GOAL OF THE EXERCISE » Produce a word-for-word copy of the line that contains "506-508 7th ST, Kearney, MO 64060" and each line after it through the end of the material, omitting pictures and all other lines.

EXERCISE DATA »
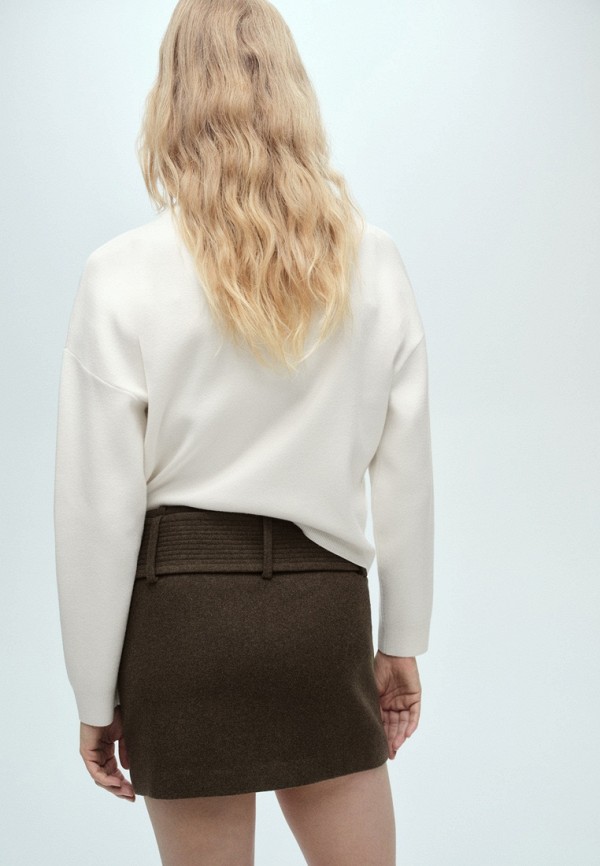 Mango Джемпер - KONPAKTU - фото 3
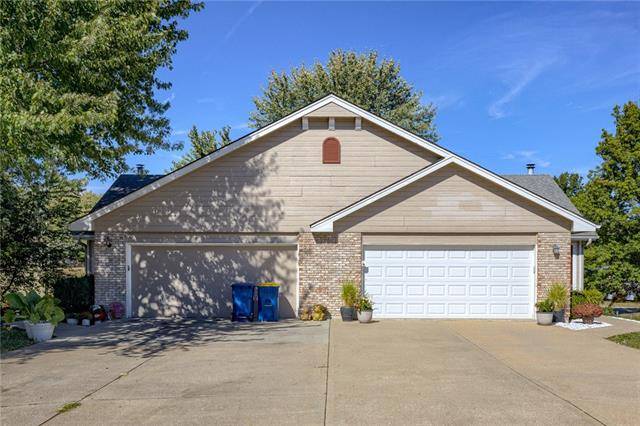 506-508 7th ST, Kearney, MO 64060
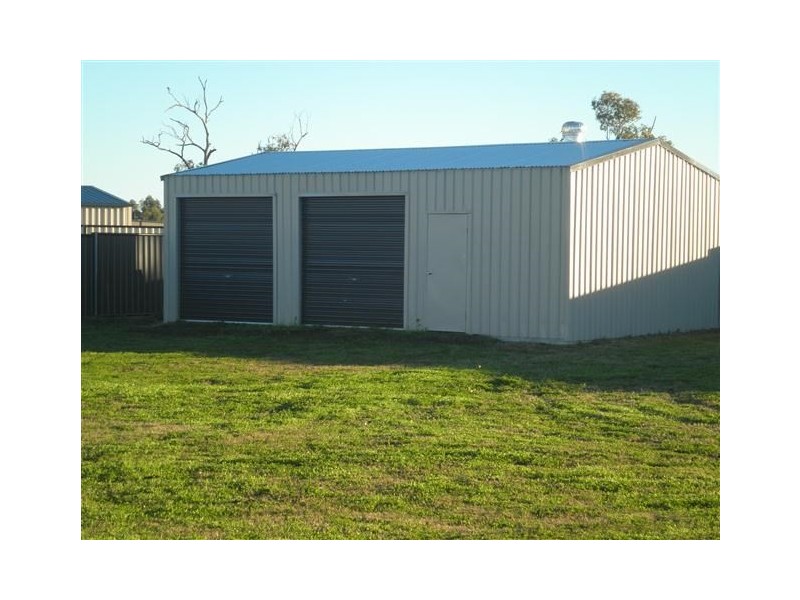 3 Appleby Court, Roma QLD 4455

OUTPUT »
 506-508 7th ST, Kearney, MO 64060
 3 Appleby Court, Roma QLD 4455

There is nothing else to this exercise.